The financial deregulation efforts under the Trump administration and the recovery in investment banking have driven the combined market value of the six largest U.S. banks to surge by $600 billion this year.
As of Wednesday's close, the total market capitalization of JPMorgan Chase, Bank of America, Citigroup, Wells Fargo, Goldman Sachs, and Morgan Stanley exceeded $2.38 trillion, a significant increase from $1.77 trillion at the end of last year. The sector is poised to outperform the S&P 500 for the second consecutive year.
In contrast, the combined market value of Europe's top six banks stands at just $1 trillion, highlighting the widening gap between U.S. and European banking sectors since the 2008 financial crisis.
Regulatory shifts have been a key driver of the stock rally. This year, U.S. regulators proposed allowing major banks to increase leverage ratios, overhauled annual stress tests used to determine capital requirements, and rolled back lending guidelines for high-risk loans.
A strong rebound in investment banking has further boosted market confidence. Citigroup's shares have surged over 70% this year, leading gains among the six banks. Goldman Sachs' stock has climbed nearly 60%, reaching a record high. Industry forecasts suggest that banks' equities and fixed-income trading revenues will surpass previous peaks this year.
**Deregulation Unlocks Capital Flexibility** A series of deregulatory measures introduced by the Trump administration this year have directly lifted bank stocks.
Gerard Cassidy, RBC banking analyst, noted: "The impact of regulatory changes on stock prices cannot be underestimated. Post-crisis, banks' profitability was severely constrained as they had to hold more capital—which was necessary."
Additionally, the industry expects the final implementation of Basel III global capital rules to be far less stringent than the Biden administration's initial 2023 proposal. Cassidy added: "Banks are sitting on excess capital, having already reserved under prior proposals."
This capital can be deployed not only to absorb potential losses but also for business expansion, share buybacks, and dividends. Saul Martinez, HSBC's head of U.S. financials research, said: "With bank balance sheets growing so slowly, markets see room for taking on more risk."
Despite concerns from critics like Democratic Senator Elizabeth Warren about large-scale deregulation, investors have shown little worry over banks' increased risk-taking so far.
**U.S. vs.
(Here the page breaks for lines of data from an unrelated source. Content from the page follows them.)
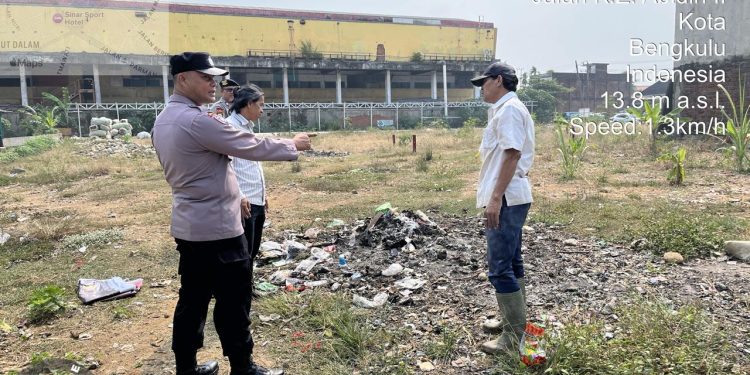 Polresta Bengkulu Gencarkan Himbauan Stop Bakar Hutan dan Larangan Membakar Sampah di Permukiman Padat TBNews, BENGKULU – Polresta Bengkulu melalui jajaran Polsek Ratu Samban terus meningkatkan upaya pencegahan kebakaran hutan dan lahan (Karhutla), sekaligus mengantisipasi potensi kebakaran di kawasan permukiman padat penduduk. Upaya tersebut dilakukan dengan memberikan edukasi dan imbauan kepada masyarakat agar tidak membuka lahan dengan cara membakar maupun membakar sampah sembarangan. Kegiatan imbauan dilaksanakan pada Senin (14/9/2026) sekitar pukul 09.30 WIB hingga selesai, berlokasi di kawasan Jalan KZ Abidin, Kelurahan Kebun Dahri, Kecamatan Ratu Samban, Kota Bengkulu. Kegiatan tersebut dipimpin Kapolsek Ratu Samban AKP Dendi Putra, SH., MH., bersama personel Polsek Ratu Samban dan Unit Intel Polsek Ratu Samban. Dalam kegiatan tersebut, personel kepolisian menyampaikan imbauan secara langsung kepada masyarakat dengan membawa spanduk bertuliskan “Stop Bakar Hutan dan Lahan”. Pesan tersebut disampaikan sebagai langkah preventif untuk mencegah terjadinya kebakaran hutan dan lahan serta kebakaran akibat pembakaran sampah di kawasan yang padat penduduk. Kapolsek Ratu Samban AKP Dendi Putra mengatakan, kegiatan tersebut merupakan bagian dari langkah kepolisian dalam mengedukasi masyarakat agar lebih peduli terhadap bahaya kebakaran, khususnya di tengah kondisi cuaca yang dapat meningkatkan risiko munculnya titik api. “Kami mengimbau masyarakat untuk tidak melakukan pembakaran hutan maupun lahan dengan alasan apa pun. Pembakaran yang tidak terkendali dapat dengan cepat meluas dan menimbulkan dampak bagi lingkungan maupun keselamatan masyarakat,” ujar AKP Dendi Putra. Selain menyasar kawasan yang berpotensi terjadi pembakaran lahan, personel juga memberikan perhatian khusus terhadap kawasan pasar dan permukiman padat penduduk di Jalan KZ Abidin. Masyarakat diminta tidak membakar sampah secara sembarangan karena api dapat merambat ke bangunan maupun permukiman di sekitarnya. “Kami juga mengingatkan warga agar tidak membakar sampah di kawasan permukiman padat penduduk. Lebih baik sampah dikelola dengan cara yang aman sehingga tidak menimbulkan risiko kebakaran dan membahayakan lingkungan sekitar,” tegasnya. Dalam kesempatan tersebut, kepolisian turut mengajak masyarakat untuk berperan aktif dalam mencegah terjadinya Karhutla. Warga diminta segera melaporkan kepada pihak kepolisian apabila menemukan adanya aktivitas pembakaran hutan, lahan, maupun titik api yang berpotensi menimbulkan kebakaran. “Pencegahan Karhutla bukan hanya menjadi tanggung jawab kepolisian, tetapi membutuhkan kepedulian dan peran serta seluruh masyarakat. Apabila melihat adanya titik api atau aktivitas pembakaran yang mencurigakan, segera laporkan kepada pihak berwenang agar dapat ditangani sebelum api semakin meluas,” jelas AKP Dendi Putra. Polsek Ratu Samban juga mengingatkan masyarakat bahwa pembakaran hutan dan/atau lahan dapat berimplikasi hukum. Pelaku dapat dikenakan sanksi pidana sesuai ketentuan peraturan perundang-undangan yang berlaku, termasuk ketentuan dalam Undang-Undang Nomor 41 Tahun 1999 tentang Kehutanan sebagaimana telah mengalami perubahan sesuai peraturan perundang-undangan. Melalui kegiatan tersebut, Polresta Bengkulu berharap kesadaran masyarakat semakin meningkat untuk bersama-sama menjaga lingkungan serta mencegah terjadinya kebakaran hutan, lahan, maupun permukiman. Selama kegiatan berlangsung, situasi di kawasan Jalan KZ Abidin, Kelurahan Kebun Dahri, Kecamatan Ratu Samban, Kota Bengkulu, berjalan aman, tertib dan kondusif.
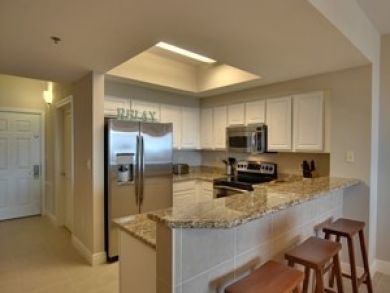 Kitchen with breakfast bar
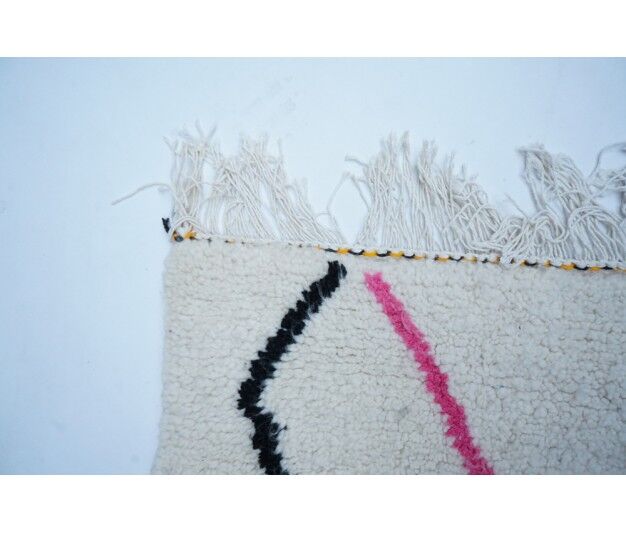 Colorful Berber carpet 307x203cm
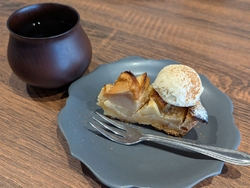 店内に入るとコ...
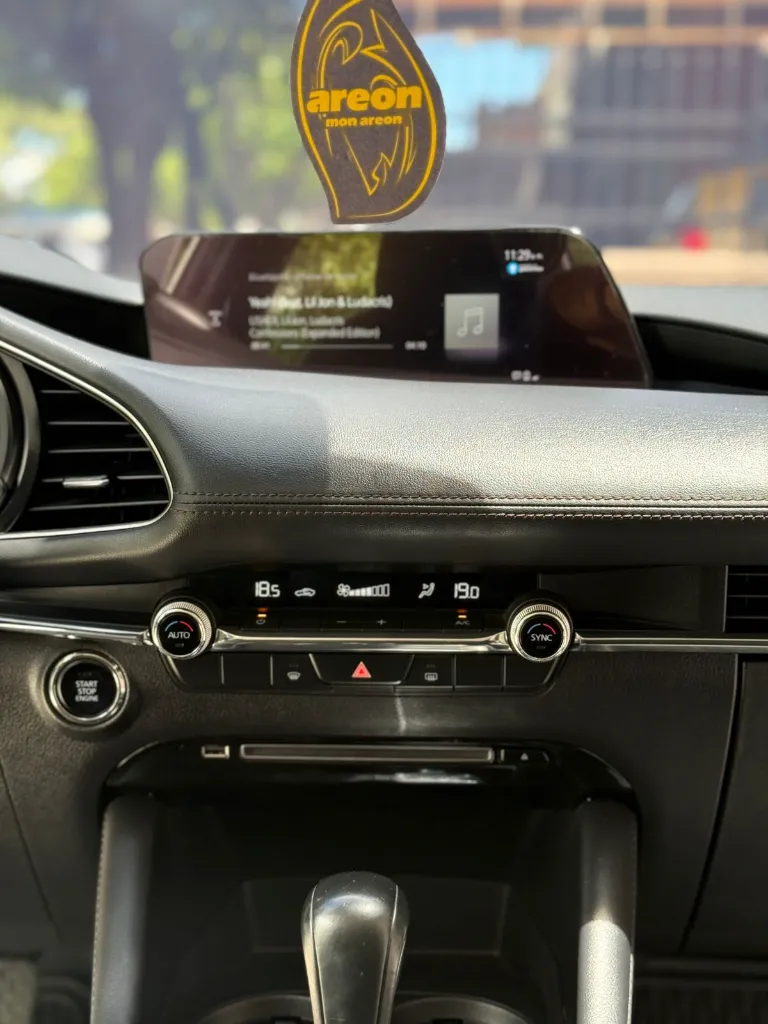 MAZDA 3 TOURING HYBRID 2023 (16).webp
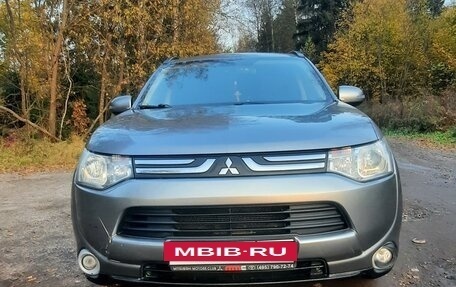 Mitsubishi Outlander III рестайлинг 3, 2012 год, 1 300 000 рублей, 13 фотография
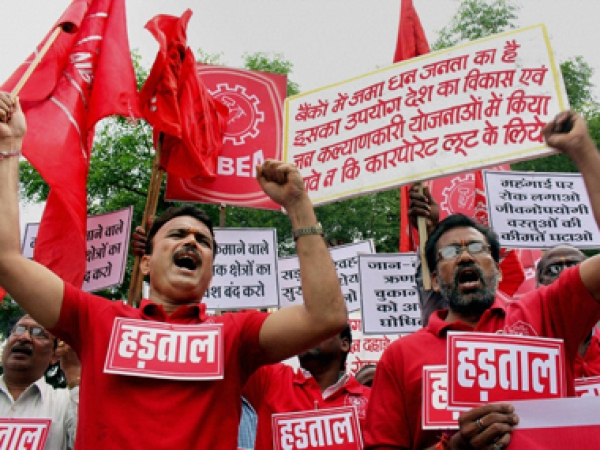 India : UP employee strike gains strength on the second day; 800 crores of loss estimated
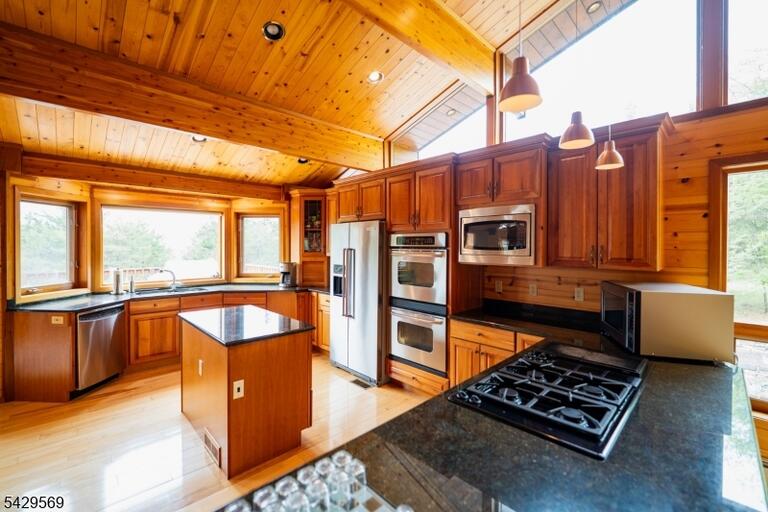 Property listing MLS 4027730 photo 28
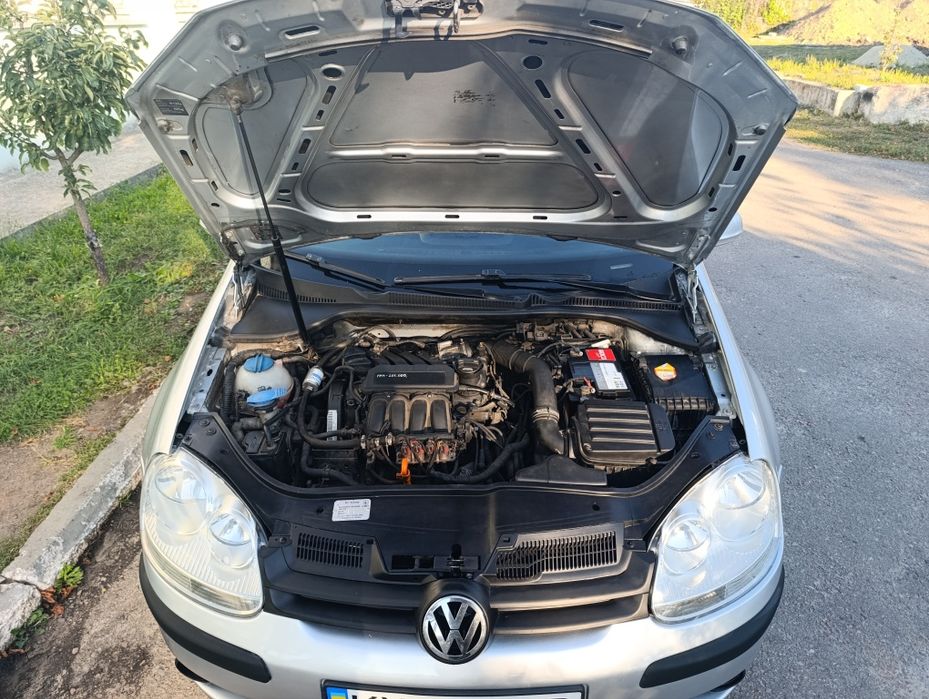 Продам гарний обслужений автомобіль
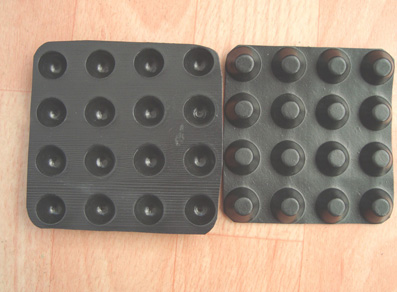 供應HDPE防滲膜塑料排水板帶土工布土工膜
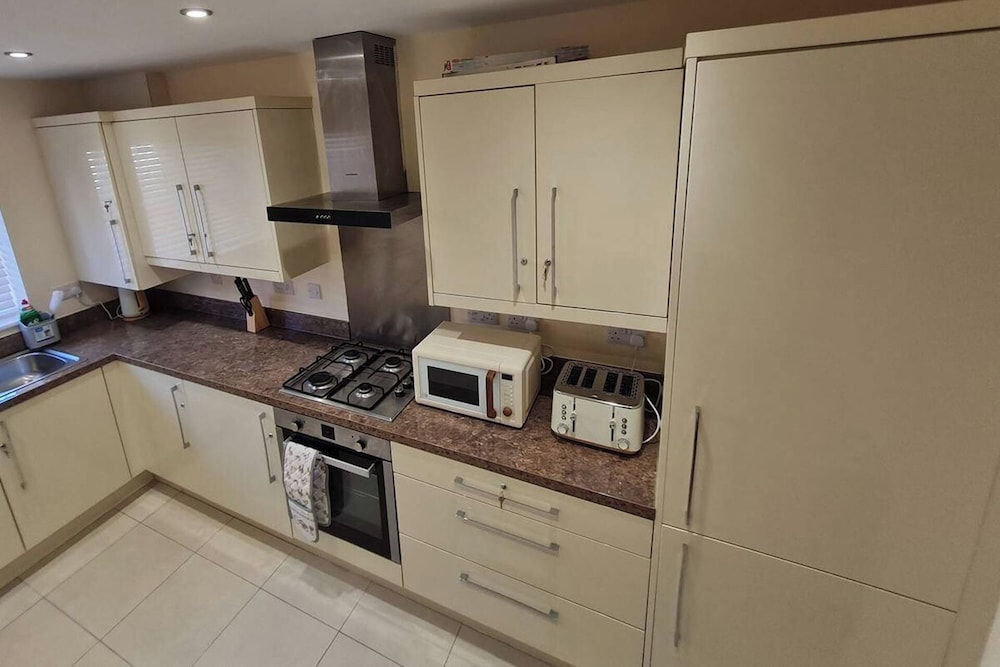 Spacious 3-bed House - Sleeps 8, Garden & Parking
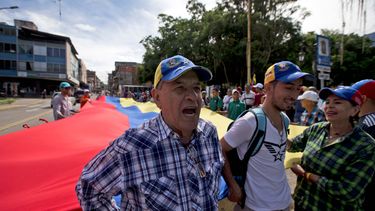 Oposición venezolana denuncia represión en antesala a cumbre
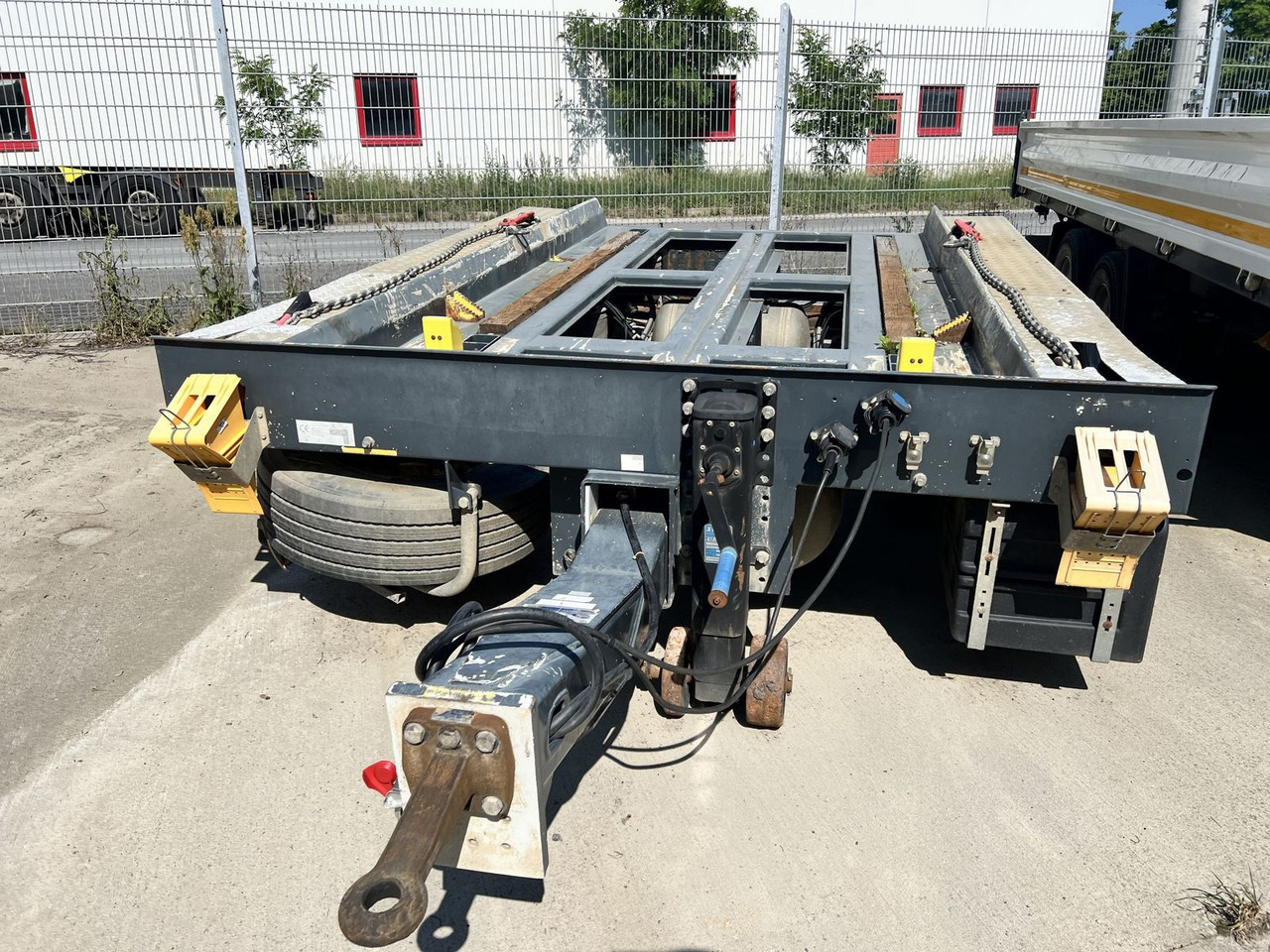 Hüffermann Tandem- Absetzmuldenanhänger - Rơ moóc thùng chứa: hình 3 Hüffermann Tandem- Absetzmuldenanhänger - Rơ moóc thùng chứa: hình 3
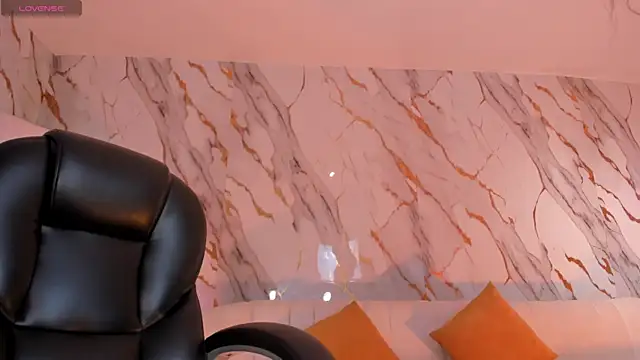 SophieHouston  online show from 05-28-26, 04:10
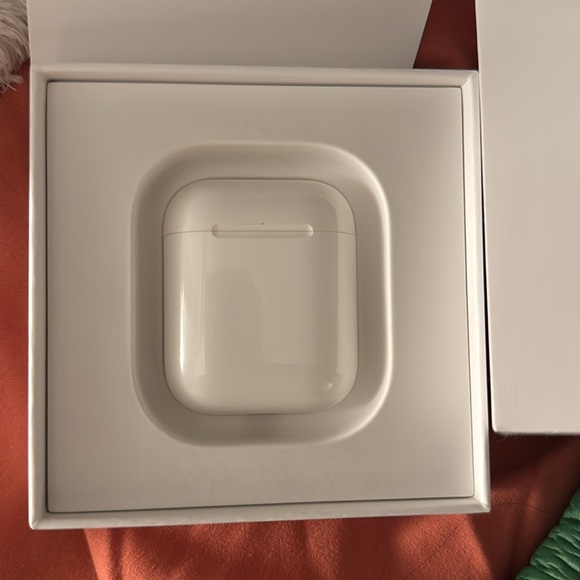 Apple Airpods Case 1st Generation - Picture 5 of 7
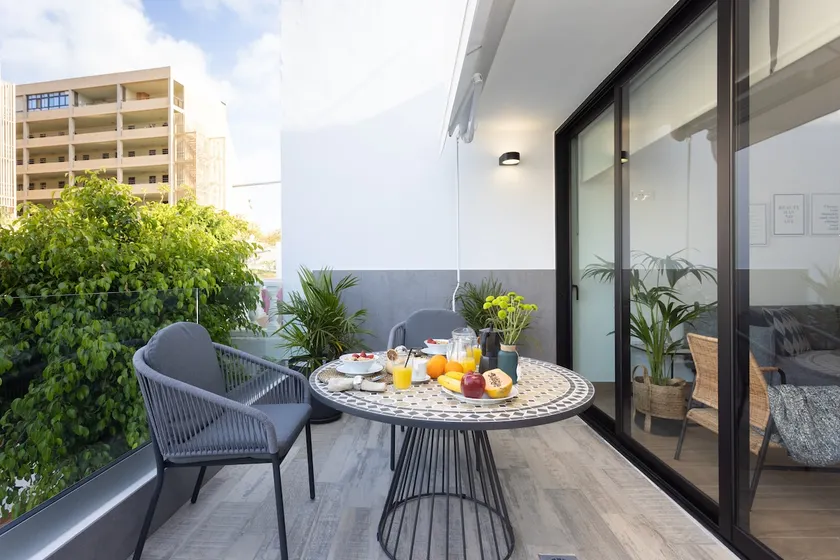 Sunnyland Bungalow Playa Americas - Image 1
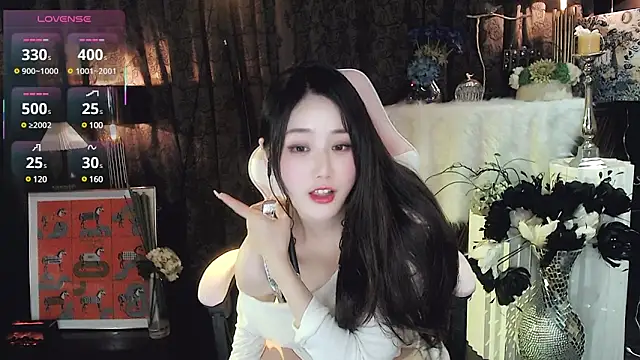 Alice-777's Webcam Show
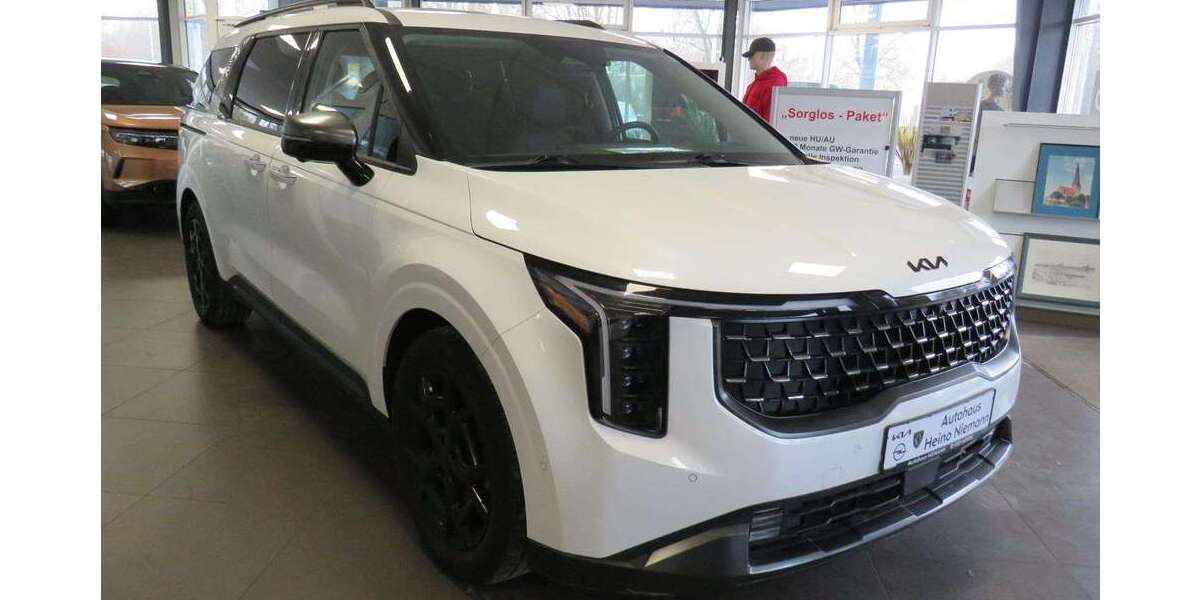 Kia Carnival 10.637 km 79.600 &euro; Rostock- Roggentin 18184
European Banking Gap Widens** Citigroup emerged as the top performer among the six U.S. banks in 2025, with shares up roughly 70%.
The bank's years-long efforts to streamline operations and cut costs have paid off. This month, Citigroup's stock traded above the sum of its divisional valuations for the first time since 2018.
Goldman Sachs' shares also rose nearly 60% this year, hitting an all-time high, fueled by a rebound in core investment banking and sustained trading strength. Bankers expect the recovery in investment banking to accelerate further in 2026.
Industry tracker Crisil Coalition Greenwich projects equities trading revenue to reach $92 billion and fixed-income trading revenue to hit $163 billion this year—both surpassing prior peaks.
The U.S. banking sector's market value growth has further widened its lead over European peers. Martinez remarked: "The current environment feels almost too good to be true. Fundamentals are strong, but the question is how much is already priced in."